> _Description of the task_
The entries below contain pictures, which are to be left out; write out exactly, and only, the lines from the line with "May include: A" up to and including the line with "china warrior statues".

Items from a dataset:
------------------------------------------------
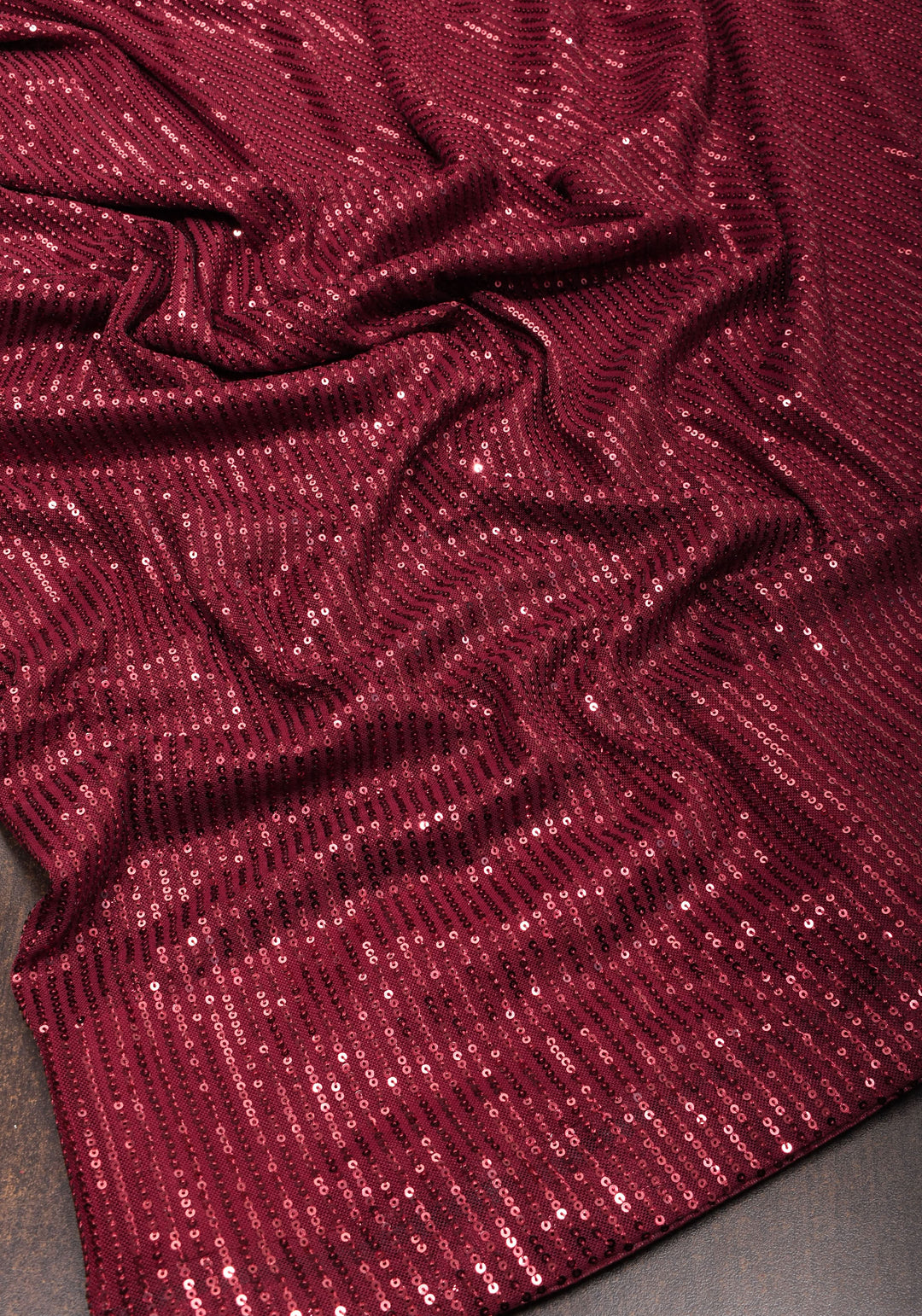 Maroonish Red Sequins Saree in net
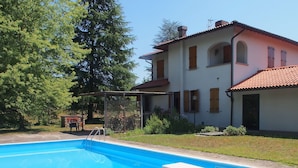 A swimming pool with a pergola, a house with a red-tiled roof, and a garden with trees and shrubs. - Villa Cristina (Vicchio)
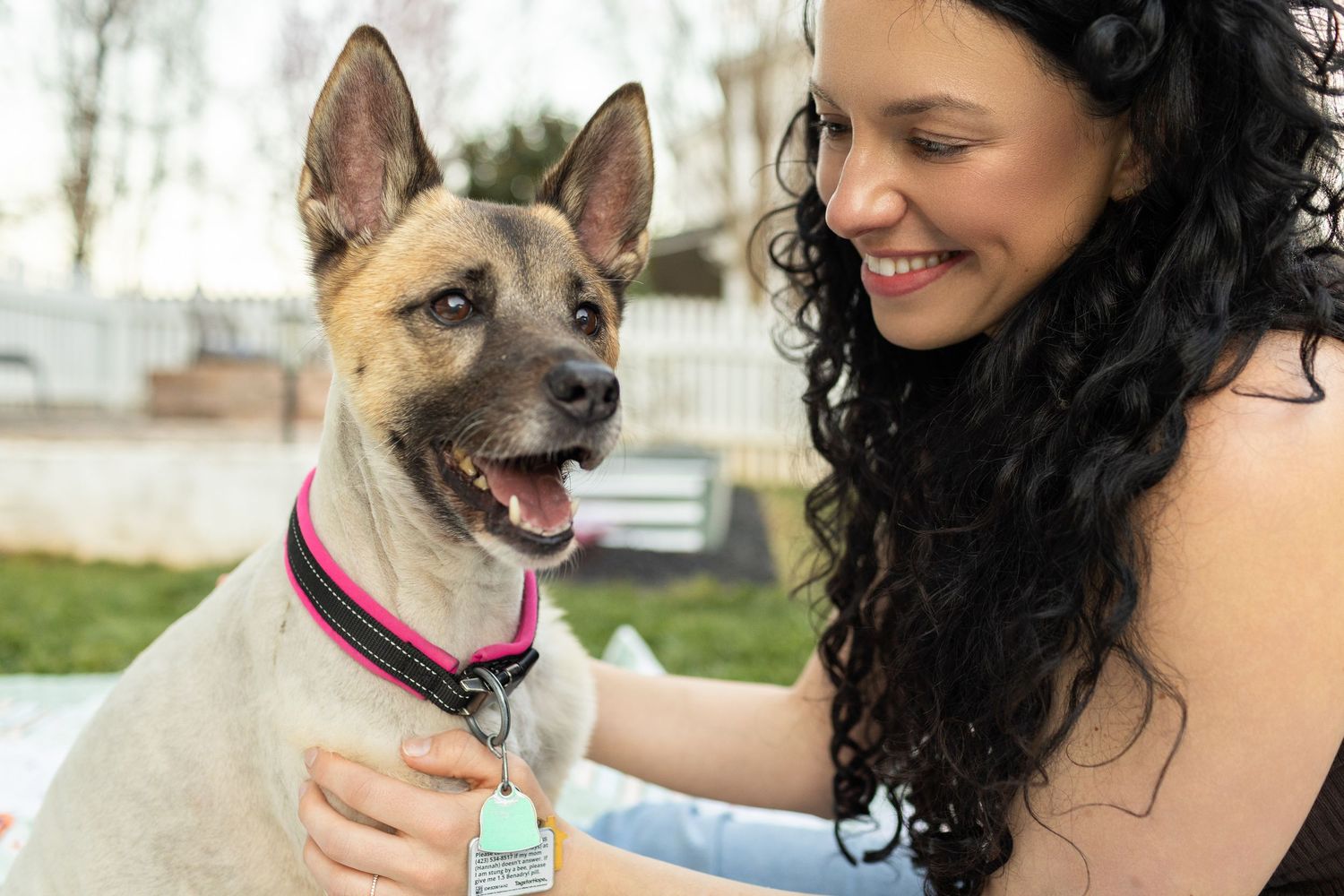 Woman with curly hair smiling at her happy dog wearing a pink collar outdoors.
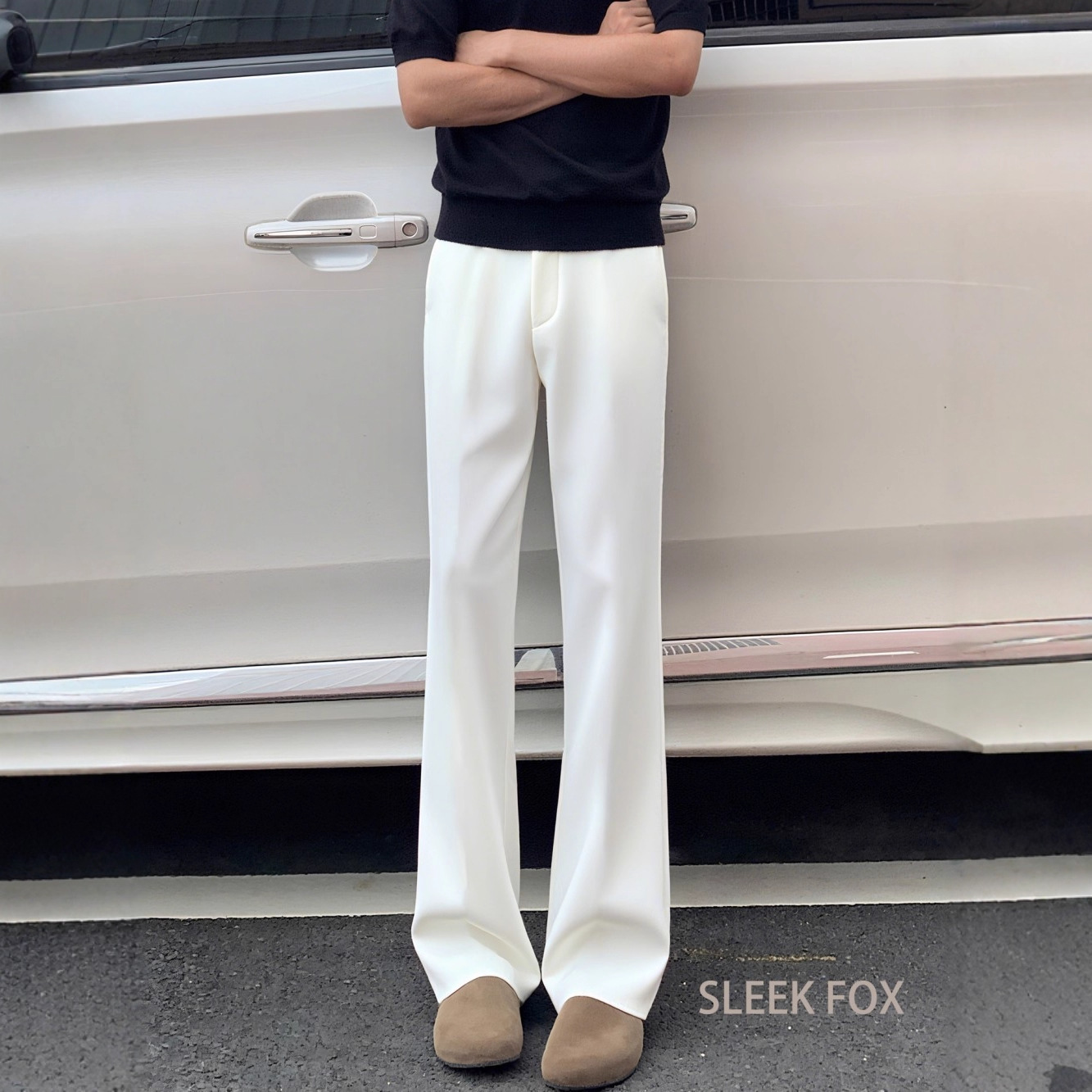 Men's black curved trousers with a flowing drape, trendy and luxurious design, slightly flared, versatile for autumn, flattering and casual.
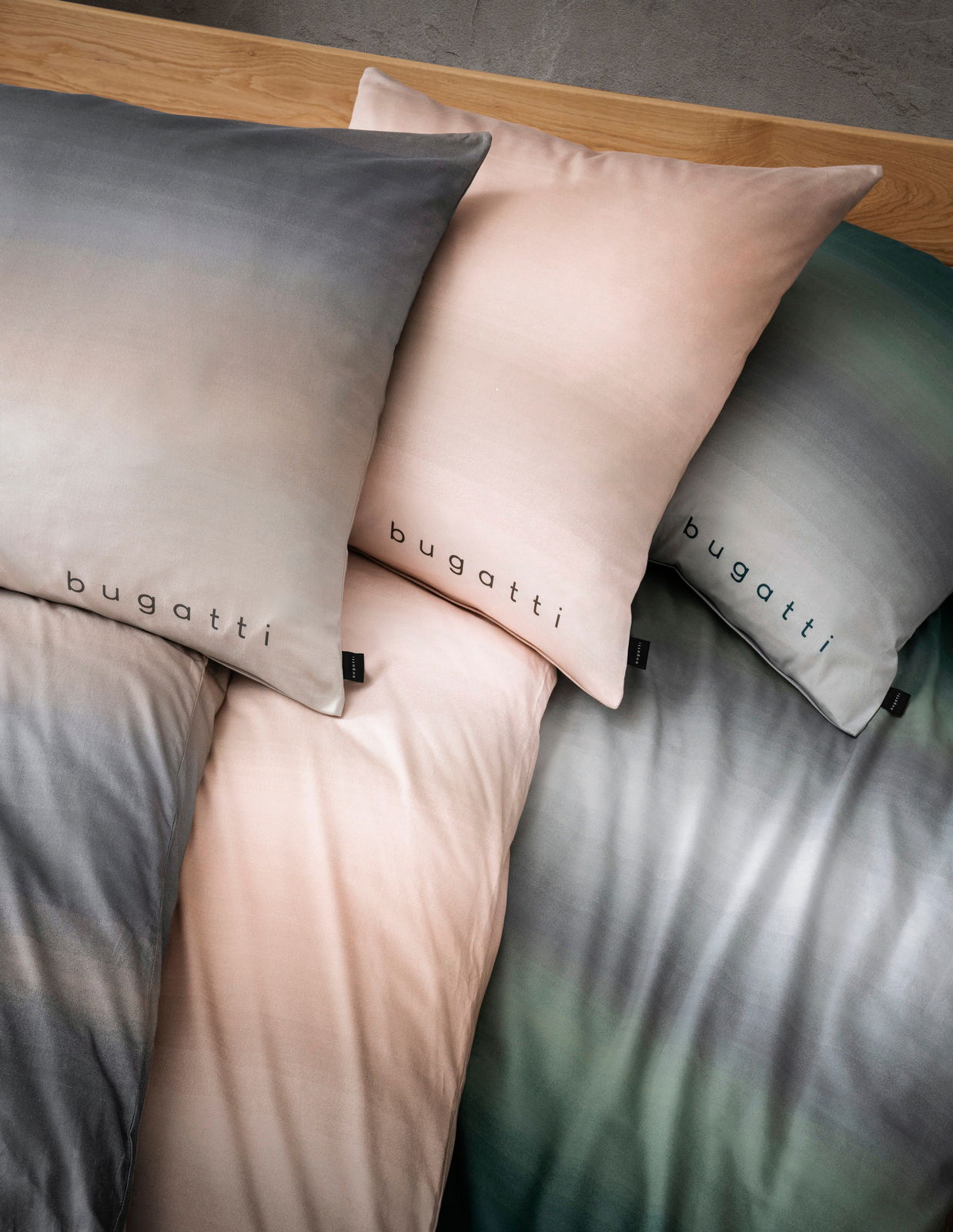 Bettwäsche-Set mit Farbverlauf in Grau, Rosa und Grün, mit 'bugatti' Schriftzug, aus der Vogelperspektive fotografiert.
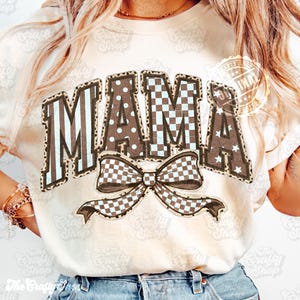 May include: A cream-coloured t-shirt featuring the word "MAMA" in a brown, blue, and white patterned design. The letters have stripes, polka dots, and stars. A checkered bow is below the word. This is a casual wear item.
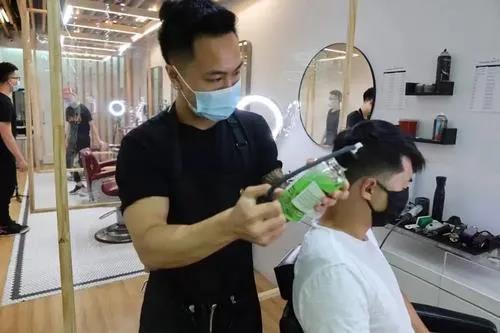 许启荣在三阶段重启后帮顾客理发。(美国《世界日报》/张晨 摄)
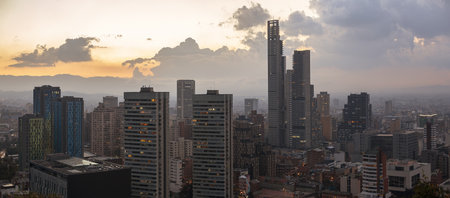 The skyline of modern buildings in Bogota, Columbia during sunsetの写真素材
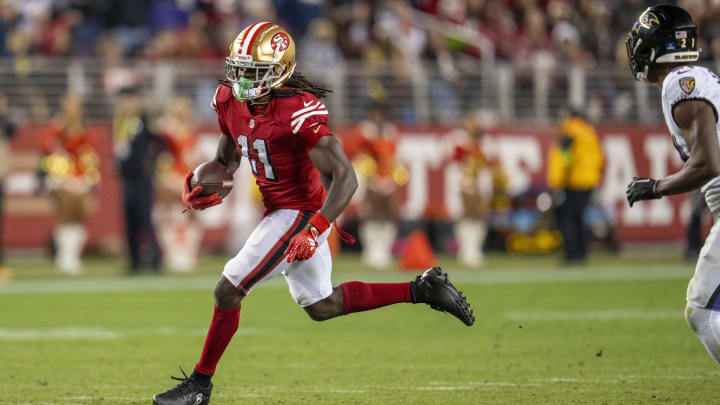 Dec 25, 2023; Santa Clara, California, USA; San Francisco 49ers wide receiver Brandon Aiyuk (11) rushes with the ball during the fourth quarter against the Baltimore Ravens at Levi's Stadium. Mandatory Credit: Neville E. Guard-USA TODAY Sports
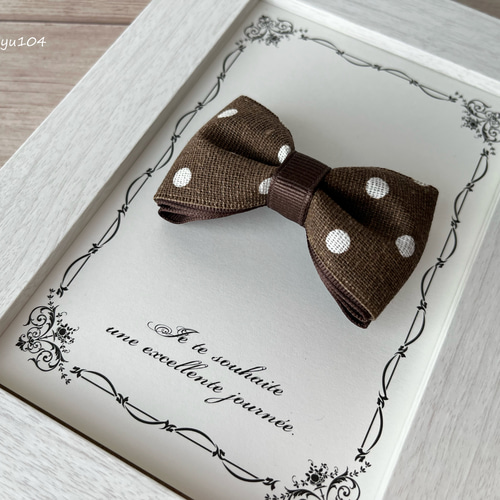 ブラウン×ドットリボンのヘアクリップ ／ ベビー キッズ 滑り止め付き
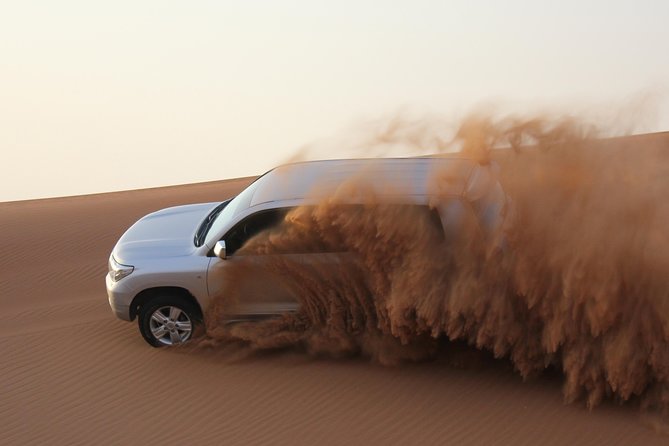 Dubai High Red Dunes Extreme Desert Safari Adventure with BBQ Dinner - Timing, pickup, and cancellation advice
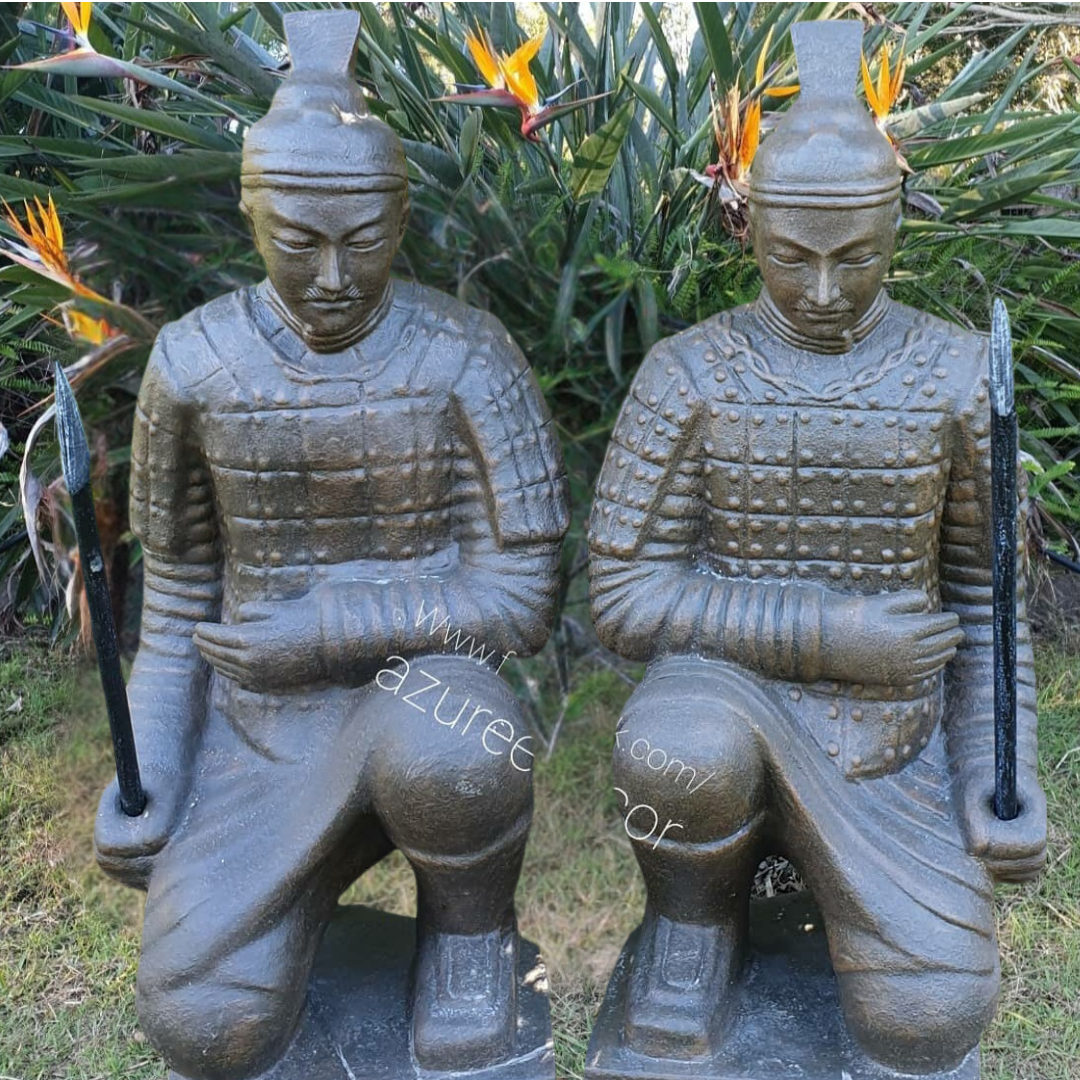 china warrior statues in front of a green garden 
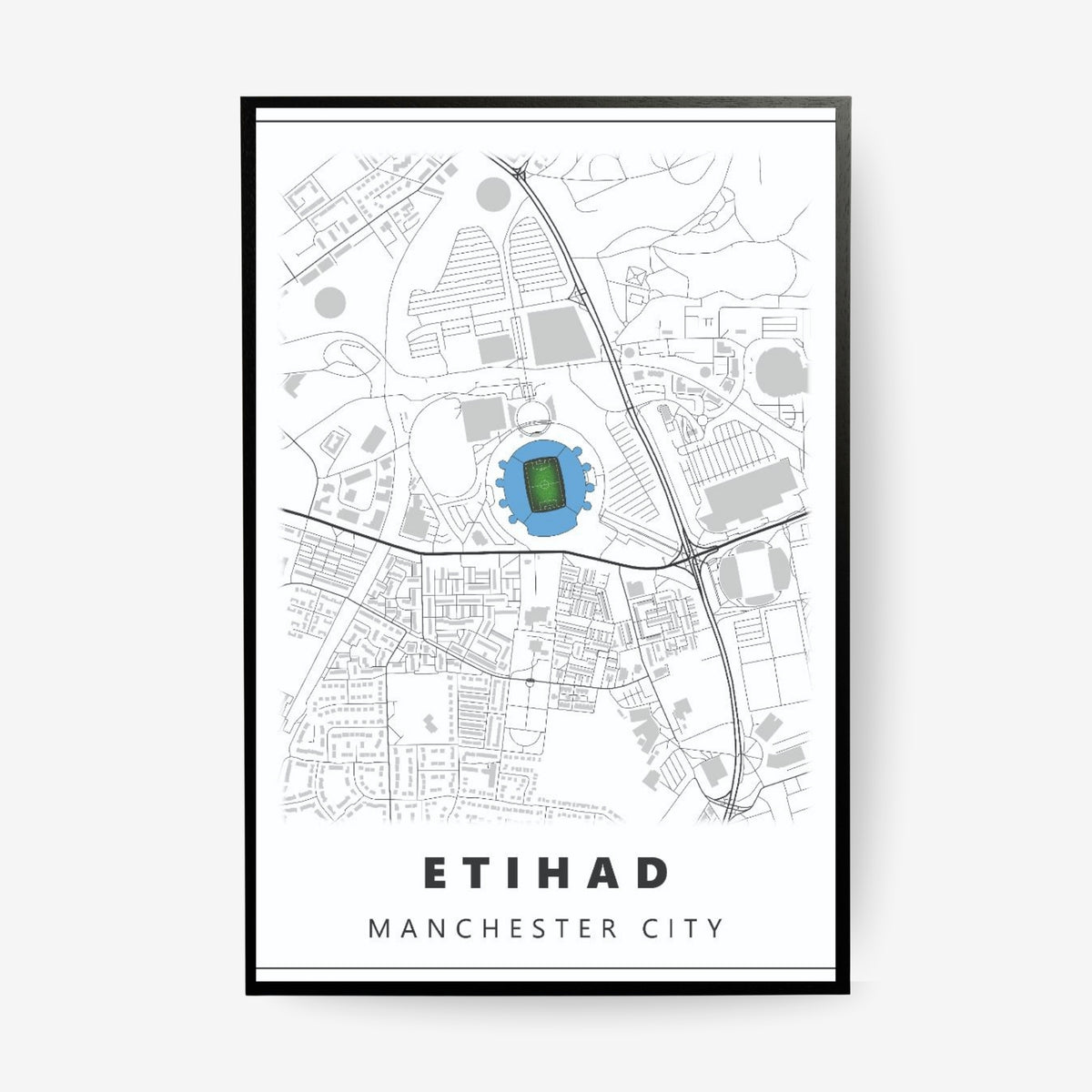 Etihad Manchester City stadium map poster in a black frame featuring a minimalist city map with the iconic football stadium highlighted in blue
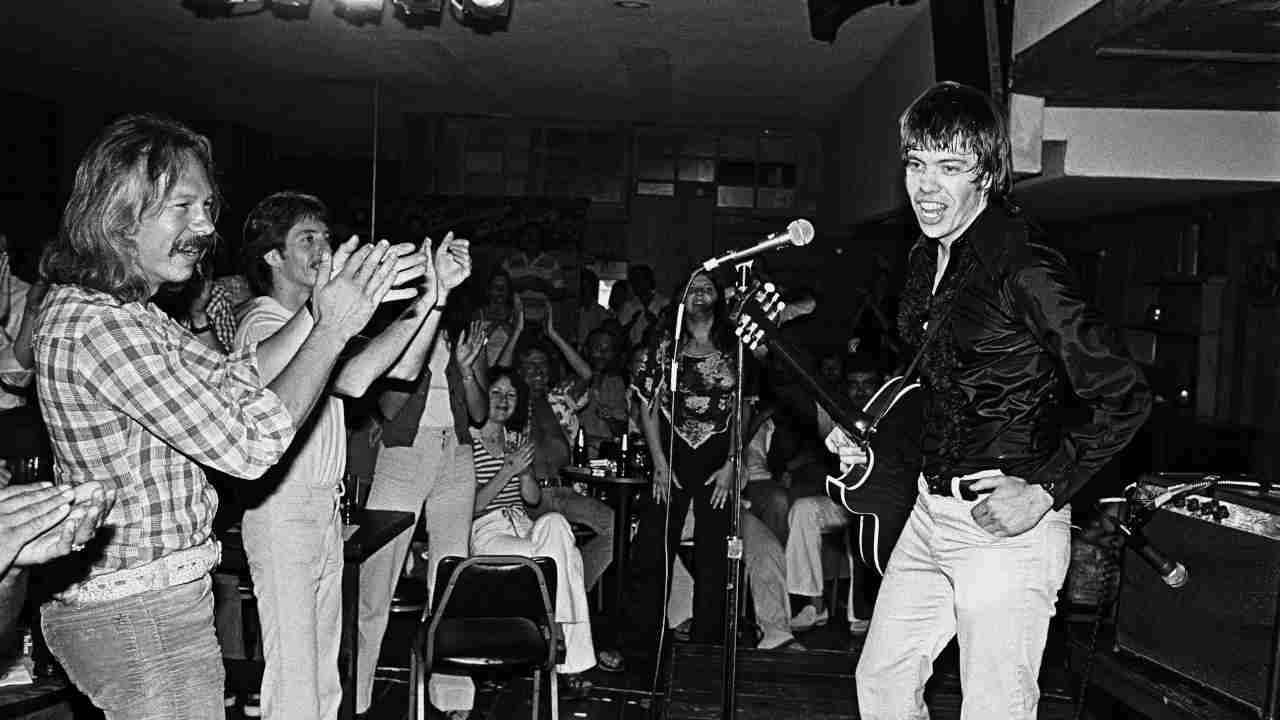 George Thorogood playing guitar onstage in 1978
------------------------------------------------
> _Finished exercise_
 May include: A cream-coloured t-shirt featuring the word "MAMA" in a brown, blue, and white patterned design. The letters have stripes, polka dots, and stars. A checkered bow is below the word. This is a casual wear item.
 许启荣在三阶段重启后帮顾客理发。(美国《世界日报》/张晨 摄)
 The skyline of modern buildings in Bogota, Columbia during sunsetの写真素材
 Dec 25, 2023; Santa Clara, California, USA; San Francisco 49ers wide receiver Brandon Aiyuk (11) rushes with the ball during the fourth quarter against the Baltimore Ravens at Levi's Stadium. Mandatory Credit: Neville E. Guard-USA TODAY Sports
 ブラウン×ドットリボンのヘアクリップ ／ ベビー キッズ 滑り止め付き
 Dubai High Red Dunes Extreme Desert Safari Adventure with BBQ Dinner - Timing, pickup, and cancellation advice
 china warrior statues in front of a green garden 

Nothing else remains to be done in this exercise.